• _Activity_:
The data is to be repeated exactly, with the images removed.

• _Stored data_:
################

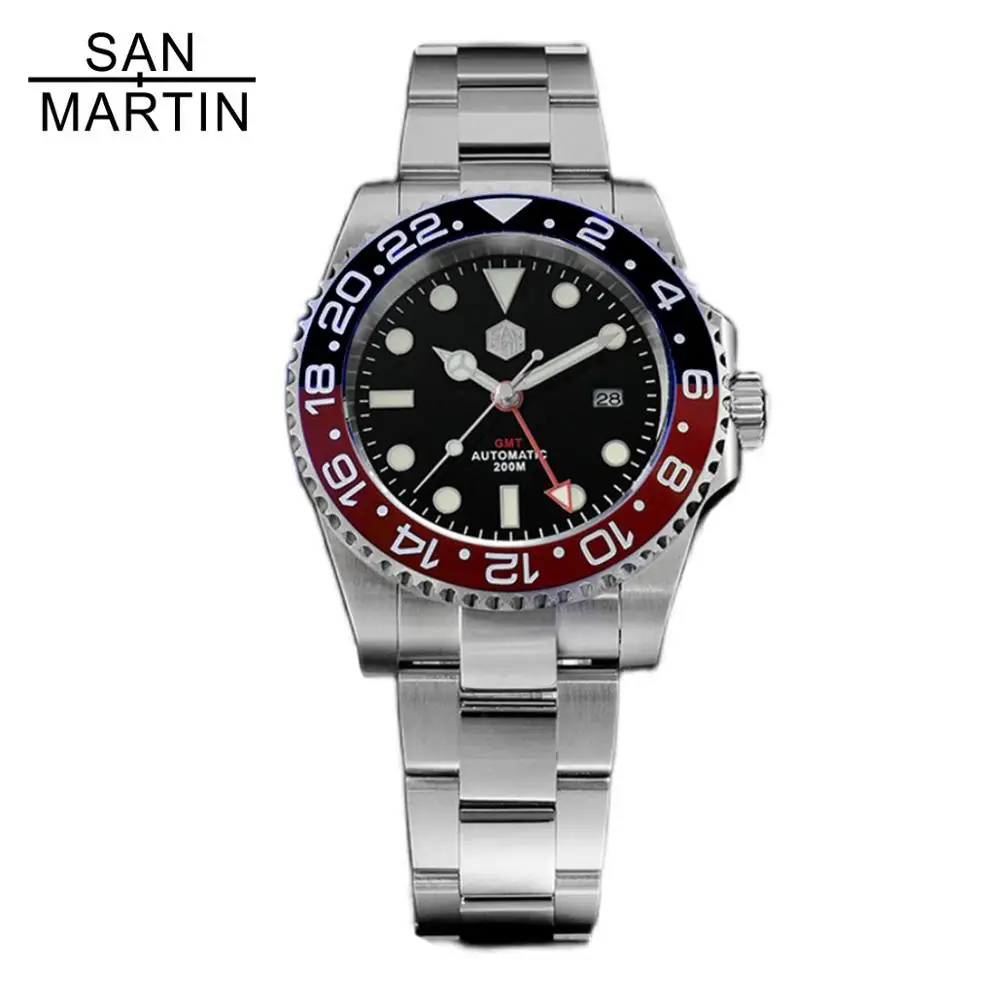 Сан обувь Martin Новинка Нержавеющая сталь GMT погружения Для мужчин часы в стиле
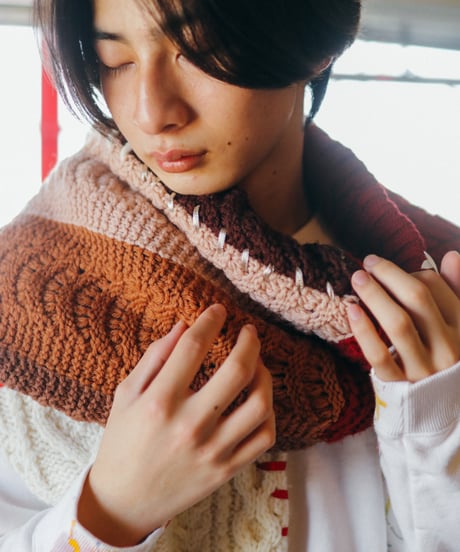 "手紡ぎとフランス" Vintage knit Rebuild Muffler by French antique and Hand-spun yarn Stitch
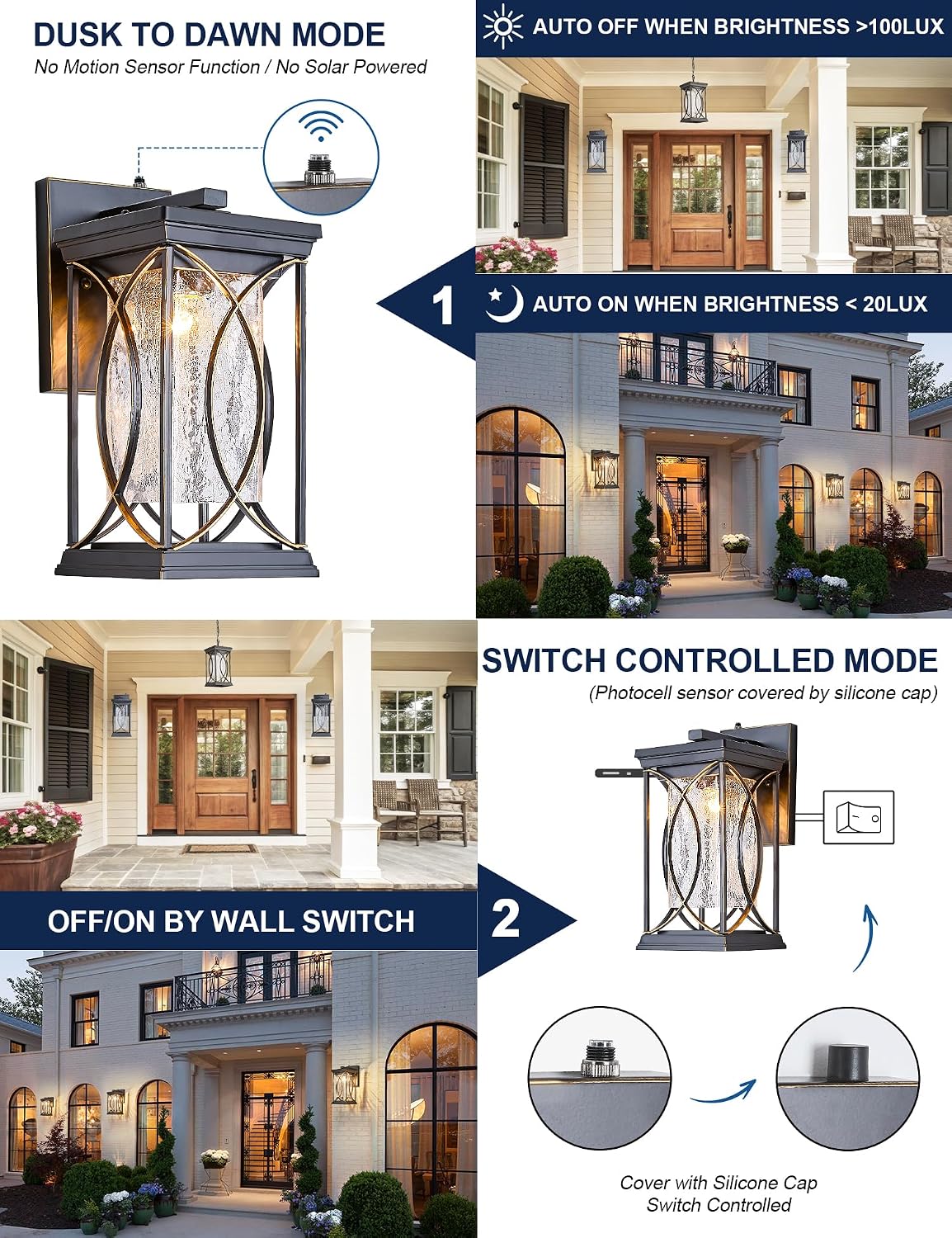 Dusk to Dawn Modern Outdoor Coach Lantern Exterior Light Fixtures Black Aluminum with Crack-Like Glass Waterproof Wall Sconce Mission Outside Light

################

• _Reply_:
 Сан обувь Martin Новинка Нержавеющая сталь GMT погружения Для мужчин часы в стиле
 "手紡ぎとフランス" Vintage knit Rebuild Muffler by French antique and Hand-spun yarn Stitch
 Dusk to Dawn Modern Outdoor Coach Lantern Exterior Light Fixtures Black Aluminum with Crack-Like Glass Waterproof Wall Sconce Mission Outside Light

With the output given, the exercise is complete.